Applying Adaptive Time-Dependent DMRG to Calculate the Conductance of Strongly Correlated Nanostructures

TL;DR

This paper introduces an adaptive time-dependent DMRG method to accurately compute zero-temperature conductance in strongly correlated nanostructures, including quantum dots and molecular conductors, by simulating current flow after applying a small bias.

Contribution

The paper presents a novel adaptive time-dependent DMRG approach for calculating conductance in nanostructures, effectively handling interactions and finite biases.

Findings

Excellent agreement with exact results in non-interacting cases

Quantitative reproduction of conductance and density-of-states in interacting quantum dots

Method extends to finite bias voltages and can include lead interactions

Abstract

A procedure based on the recently developed ``adaptive'' time-dependent density-matrix-renormalization-group (DMRG) technique is presented to calculate the zero temperature conductance of nanostructures, such as a quantum dots (QD's) or molecular conductors, when represented by a small number of active levels.
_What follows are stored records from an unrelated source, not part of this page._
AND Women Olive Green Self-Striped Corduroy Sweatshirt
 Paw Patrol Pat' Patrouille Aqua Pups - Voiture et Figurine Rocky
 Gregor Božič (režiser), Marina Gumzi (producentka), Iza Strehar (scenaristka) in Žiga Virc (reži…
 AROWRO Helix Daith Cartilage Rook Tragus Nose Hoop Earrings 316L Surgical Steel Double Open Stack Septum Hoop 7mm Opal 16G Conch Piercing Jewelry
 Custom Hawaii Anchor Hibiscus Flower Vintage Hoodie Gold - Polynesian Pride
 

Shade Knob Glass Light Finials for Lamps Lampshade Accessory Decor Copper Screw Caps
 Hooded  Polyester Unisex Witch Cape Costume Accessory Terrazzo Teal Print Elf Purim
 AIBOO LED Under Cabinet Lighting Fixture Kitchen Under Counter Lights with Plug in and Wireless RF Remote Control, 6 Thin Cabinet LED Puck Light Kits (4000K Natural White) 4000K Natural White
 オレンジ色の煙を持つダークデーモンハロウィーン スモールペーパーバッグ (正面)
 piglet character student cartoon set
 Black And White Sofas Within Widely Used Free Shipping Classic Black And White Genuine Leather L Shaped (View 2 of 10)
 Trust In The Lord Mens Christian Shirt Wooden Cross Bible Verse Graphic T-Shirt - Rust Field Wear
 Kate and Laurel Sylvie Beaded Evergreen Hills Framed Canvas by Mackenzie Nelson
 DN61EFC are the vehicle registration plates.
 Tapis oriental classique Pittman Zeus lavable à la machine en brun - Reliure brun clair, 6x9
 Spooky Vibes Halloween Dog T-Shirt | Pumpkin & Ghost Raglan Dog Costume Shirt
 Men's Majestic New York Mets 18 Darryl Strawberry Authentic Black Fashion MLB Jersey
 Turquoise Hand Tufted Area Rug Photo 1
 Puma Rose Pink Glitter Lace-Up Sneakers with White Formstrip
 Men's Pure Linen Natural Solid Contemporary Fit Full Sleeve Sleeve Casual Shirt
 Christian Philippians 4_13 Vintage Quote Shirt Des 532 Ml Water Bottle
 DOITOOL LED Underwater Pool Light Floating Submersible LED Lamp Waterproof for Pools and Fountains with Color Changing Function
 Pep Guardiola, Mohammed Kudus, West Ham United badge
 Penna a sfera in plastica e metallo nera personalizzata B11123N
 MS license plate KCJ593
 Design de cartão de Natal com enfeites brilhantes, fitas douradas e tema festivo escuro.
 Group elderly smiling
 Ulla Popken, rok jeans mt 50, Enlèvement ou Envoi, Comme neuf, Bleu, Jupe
The leads are modeled using non-interacting tight-binding Hamiltonians. The ground state at time zero is calculated at zero bias. Then, a small bias is applied between the two leads, the wave-function is DMRG evolved in time, and currents are measured as a function of time. Typically, the current is expected to present periodicities over long times, involving intermediate well-defined plateaus that resemble steady states. The conductance can be obtained from those steady-state-like currents. To test this approach, several cases of interacting and non-interacting systems have been studied. Our results show excellent agreement with exact results in the non-interacting case. More importantly, the technique also reproduces quantitatively well-established results for the conductance and local density-of-states in both the cases of one and two coupled interacting QD's. The technique also works at finite bias voltages, and it can be extended to include interactions in the leads.